Article 10 : Les Parties Contractantes s’engagent à ne point admettre sur leurs territoires la formation ou le séjour d’organisations ou de groupements prétendant assumer le rôle du Gouvernement de l’autre pays ou d’une partie de son territoire ainsi que le séjour des gouvernements ayant pour but de lutter contre l’autre pays.

Cet article permet officiellement la stabilisation des frontières des parties contractantes mais pas seulement. Son but est aussi de désarmer toute tentative de changement de la part des populations arméniennes ou kurdes.

L’article suivant est un modèle du genre dans le domaine de l’effacement de l’histoire. Mais avant de l’analyser considérons d’abord son contenu.

Article 15 : Chacune des Parties Contractantes s’engage à promulguer immédiatement après la signature du présent traité une amnistie complète aux citoyens de l’autre partie pour les crimes et délits commis par suite de la guerre sur le front du Caucase.

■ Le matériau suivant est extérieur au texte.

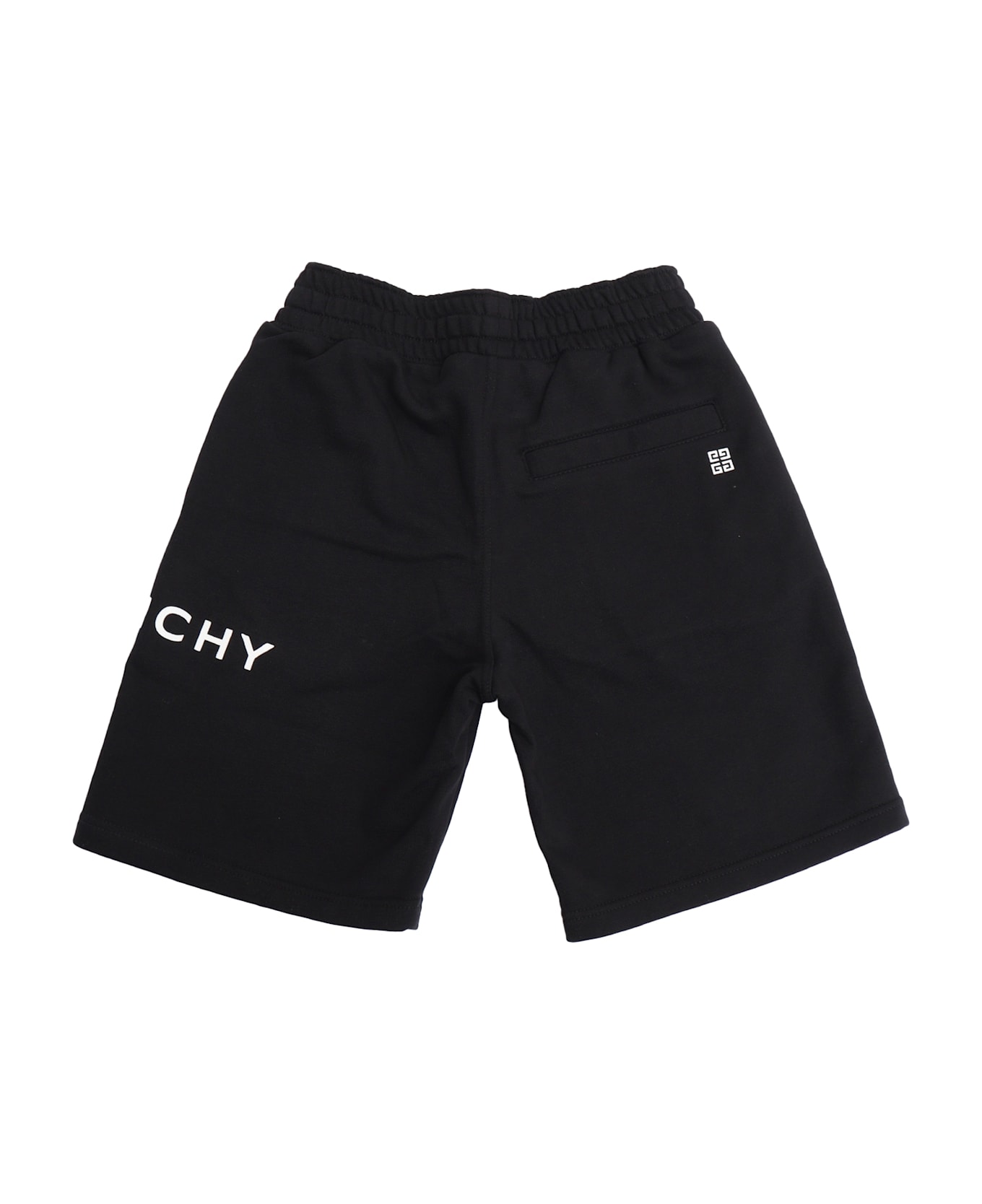 Givenchy Shorts - BLACK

Sans le contexte historique des génocides arménien (1915) et pontique (1918) il est difficile de saisir l’ensemble des implications de cet article relativement neutre. Seulement nous ne devons pas être dupes, cette procédure permet entre autre d’effacer le génocide des Arméniens et ses conséquences puisque l’Arménie en tant que soviet à l’époque faisait partie de l’Union Soviétique et du coup de l’autre partie contractante.